Pimentel pointed out that in the case of Muslim rebel chieftain Nur Misuari, who was accused of rebellion and probably even graver offense that the imputed to Trillanes, the court granted his request to be put under house arrest and later his petition to be allowed to go to Sulu to campaign as candidate for governor in the last elections.

Not only that, the court also allowed Misuari to go to Jeddah, Saudi Arabia to represent the Moro National Liberation Front in a tripartite conference on the peace process sponsored by the Organization of Islamic Conference scheduled in mid-July, although this was postponed to a later date.

"In other words, there are certain things that when a person who is accused of a political crime like coup d' etat (of which Trillanes is charged) and rebellion as in the case of Misuari, the ordinary rules for detaining him or restricting the exercise of his liberties may not necessarily apply," Pimentel said.

He said the case of former Zamboanga del Norte Rep. Romeo Jalosjos does not apply to the case of Trillanes, because the former was accused of rape for which he was already convicted by the court.

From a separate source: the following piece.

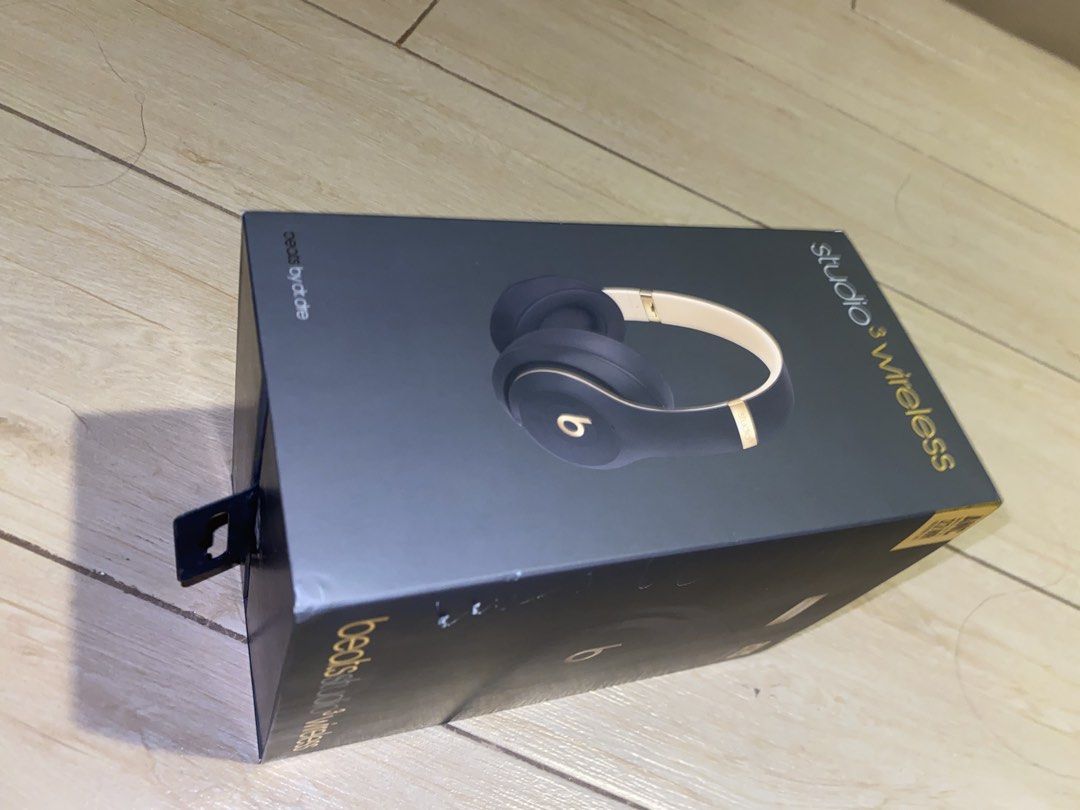 Beats studio 3 wireless (Category: Headphones & Headsets) located in Quezon City. Submitted by ellacduenas (Listing ID 1462024398, Image 1). Description: RFS: hindi na po nagagamit naka stock nalang good as new, twice lang nagamit with box (complete with charger etc.).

On the other hand, Trillanes is accused of a political offense, that of staging a mutiny against the Arroyo government which he and other Magdalo junior military officers blamed for rampant corruption and misrule.

Pimentel said Trillanes can very well attend the session of the Senate under guard and with all the facilities in place to ensure that he does not escape.

"There is hardly any possibility that Trillanes will escape while performing his duties as senator," he said.